Imagine yourself, a human being. That should be easy enough. Now, imagine yourself relatively young. Since those of us who are not currently young were once young, that should still be easy. Imagine you have hopes and dreams for the future. You see yourself as person capable of independent thought and you want the freedom of action you believe should go with it. Perhaps you would like to be a dancer, or a film-maker, or a writer.

But you live in a country where you are not permitted to dance. Or where the government tells you what to write. Or where religious authorities tell you what to film. Despite this, you are determined to be a human being capable of independent thought and action. You write, you make films, and you find you are threatened with prosecution and violence.

So you flee.

You flee to a country where you have heard that you will have freedom of expression, a country where that is enshrined in law and an inherent part of that culture.

When you get there you are told that you can’t write what you want, you can’t make the films you want. The people who have denied you your humanity at home have followed you to your new country. They speak on your behalf. They say that you do not want this freedom of expression.

Now, what do you do?

I wrote this after listening to Lila Ghobady speak at the Secular 2014 Conference. In the 1990’s she was an active part of the Iranian underground cinema, making films that were not supported by the government.

According to an interview she gave to Bitch Magazine:

After secretly shooting these films, we had to leave the country since it was not possible to distribute the underground films we had made, which we wanted to edit and distribute abroad to introduce the underground cinema of Iran to the world to show that an alternative cinema to the official government cinema exists. Living abroad, we could also help our friends working inside Iran to continue their work on underground cinema. Our friends in Iran have been working on films on issues such as self-immolation and teenage suicide – both of which occur at an unbelievably high rate in Iran today. They are also working on the topic of the role of government gangs who have started sex trade businesses to export sex workers to an international market. In addition, they are working secretly on films about labour and student protests in Iran.

The dark reality is that by creating censorship and phony turmoil, the Islamic Republic of Iran succeeds in deviating paths of artistic and social expression. It tries to dissipate the confrontational energies of the Iranian people and prevent them from organizing. For this, it creates phony social movements. When it cannot hide public poverty, prostitution, trade in children, and the overall devastation that has overtaken Iranian society, it presents itself as a critic that objects to its own doings. With a variety of tactics, it controls social protest by suggesting that transformation and change can come from within the government. It engages in thievery, and plays the role of the anti-thief. It is the executioner that plays the role of the defending attorney. It plunders public wealth and then creates charity boxes for the poor. The underground cinema exposes these tactics, especially in the art and cultural arena.

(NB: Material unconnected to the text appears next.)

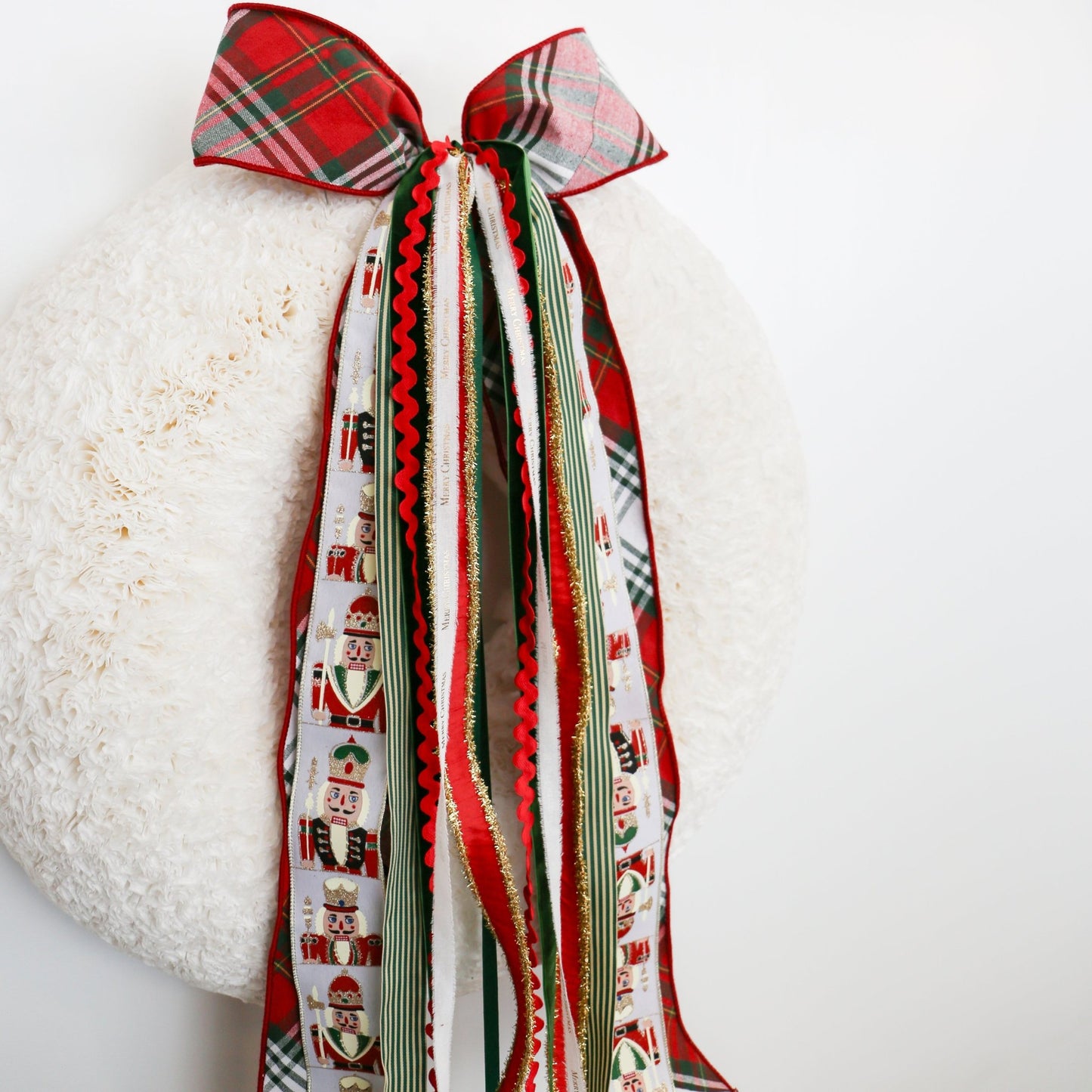 Lauren's Lane RIBBON SET™ (with Bow) - Knot and Spool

Ghobady moved to Canada. She attended Carleton University in Ottawa where she recieved a master’s degree in Canadian/Women’s Studies. During her talk, she mentioned how disturbing it was to hear some students ask that speech at the university be limited to shelter the feelings of some Muslim students. She says that she still has nightmares about living under a theocracy.

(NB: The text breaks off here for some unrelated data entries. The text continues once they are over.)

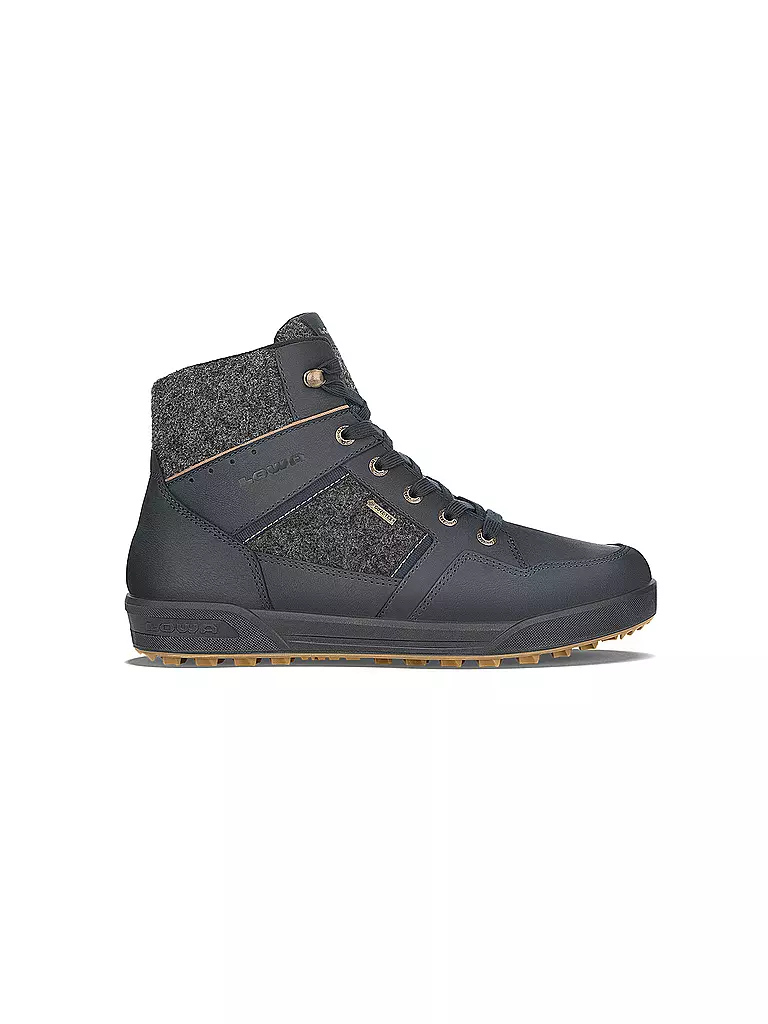 LOWA | Herren Winterschuhe Bosco GTX | blau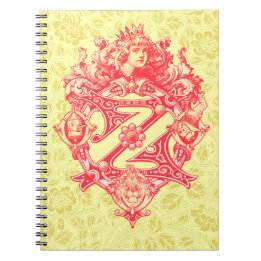 Classic Wizard of Oz Spiral Notebook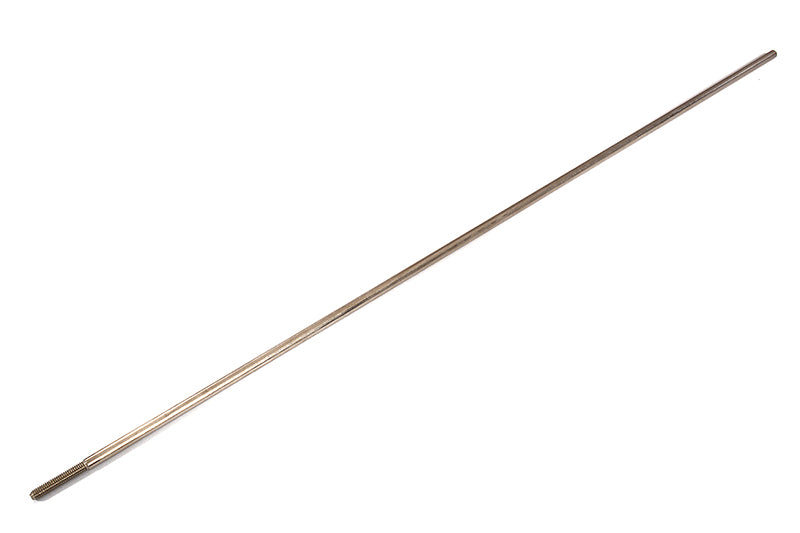 Replacement Straight 300mm Long 3.14mm Stainless Steel Shaft for RC Boats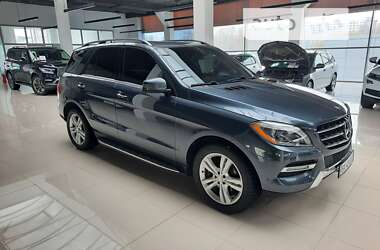 Mercedes-Benz M-Class  2014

The reason I started this post using the second person pronoun, was because I really think it is necessary to see these questions from the point of view of the persecuted. There are Muslim women say, “I do not want to be saved.” To them, I say, “I wasn’t thinking of you.” I am a fairly powerless person myself, and not in a position to save anyone. However, to the extent I can support people like Lila Ghodaby, who wants for herself the same things I want for myself, I will.